The remake wasn't bad though.


----------



## ~Jester (May 4, 2015)

The remake anime version is way better just shut da faq up and pull up ur gawd dam tight "panites" peoples.


----------



## Butters Shikkon (May 4, 2015)

The "Drifter" rabbit was cool I guess. :V


----------



## Sylox (May 4, 2015)

The best part of the reboot was Lion-O. So courageous, smooth and graceful. I like a man who fights the good fight and looks sexy while doing it.


----------



## Charrio (May 4, 2015)

Nope didn't like it at all. 
The Mummy Dragster should of been a huge tip off. 

The fact a race that came from space and ran things on a ship have no clue to where they are is 
total BS. A space faring race you have to assume they are not Retards and know how to use their
own technology they have been flying around in.
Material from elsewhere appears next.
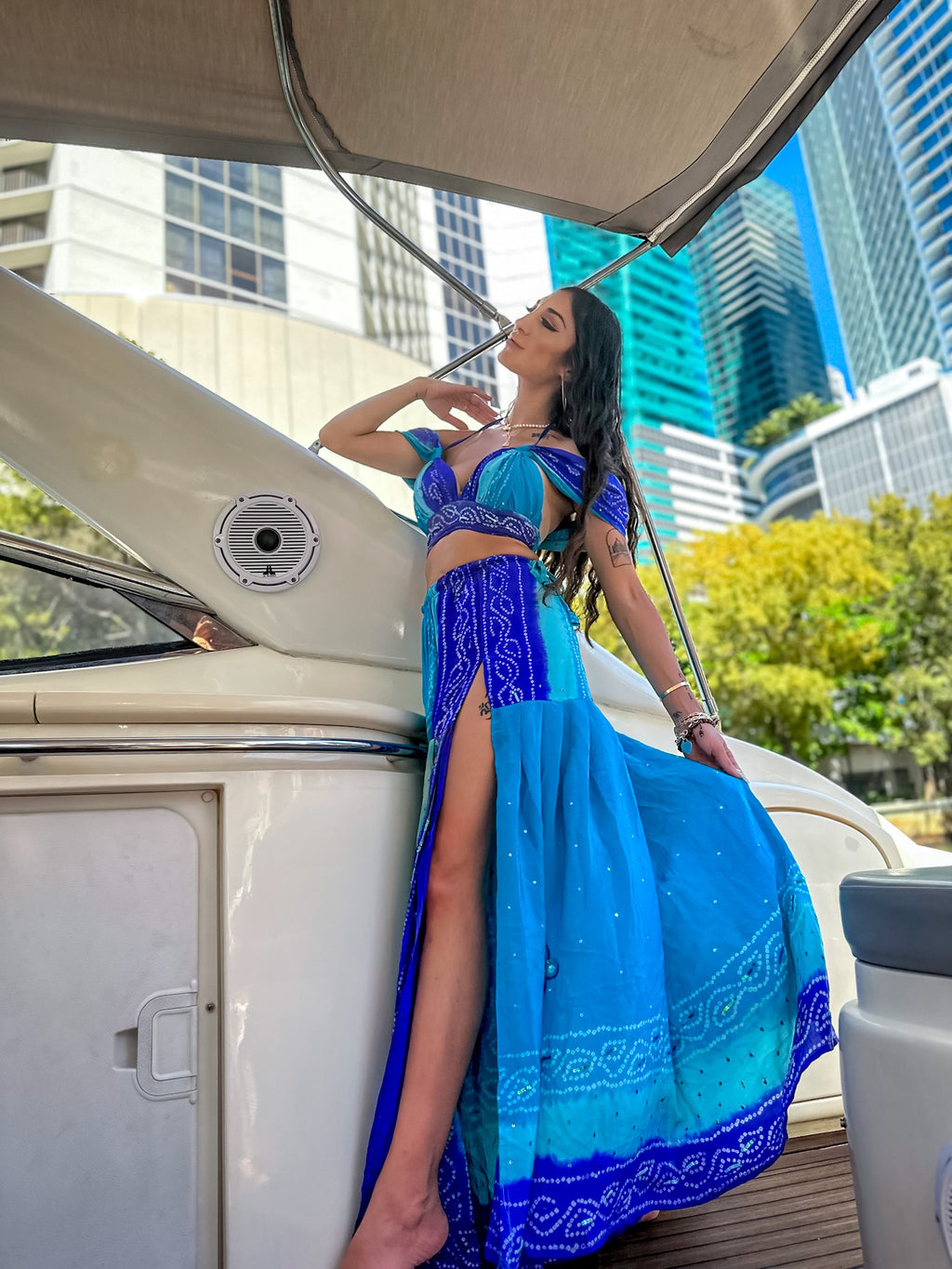 Blue Tiger Bandhani Goddess Set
Ship logs would have the entire planet's scans which 
the crew look at when deciding landing or a million other factors. Then them saying they don't know what's
outside their territory is retarded. 

So so many things sucked ass writing wise, like Mumm Ra who is supposed to be a demon priest not an alien.
*shudders* This is just the tip of the iceberg, but then i was expecting something respecting the original and 
well written.


----------



## ~Jester (May 4, 2015)

Butters Shikkon said:


> The "Drifter" rabbit was cool I guess. :V



Yah, that's probably one of my favorite episodes so far. I'm gonna take back saying that the original sucks cause I never actually watched through the whole series. I just thought it looked kind of cheesy and the tights remind of those god awful furry force videos lol


----------



## Charrio (May 4, 2015)

~Jester said:


> Yah, that's probably one of my favorite episodes so far. I'm gonna take back saying that the original sucks cause I never actually watched through the whole series. I just thought it looked kind of cheesy and the tights remind of those god awful furry force videos lol



You really should, the only reason the tight look was there is to make the toys as cheap as possible. 
Also* if you notice the chest insignia on Mumm-Ra is very much like the symbol of Thulsa Doom from 
Conan the Barbarian in the 80s *


----------



## TrishaCat (May 4, 2015)

You seem late to the party.
You're going to be disappointed by the end Jester.

The show has no ending. It was canceled. Also that's episodes 1 and 2 combined into one, not episode 1.





Sylox said:


> The best part of the reboot was Lion-O. So courageous, smooth and graceful. I like a man who fights the good fight and looks sexy while doing it.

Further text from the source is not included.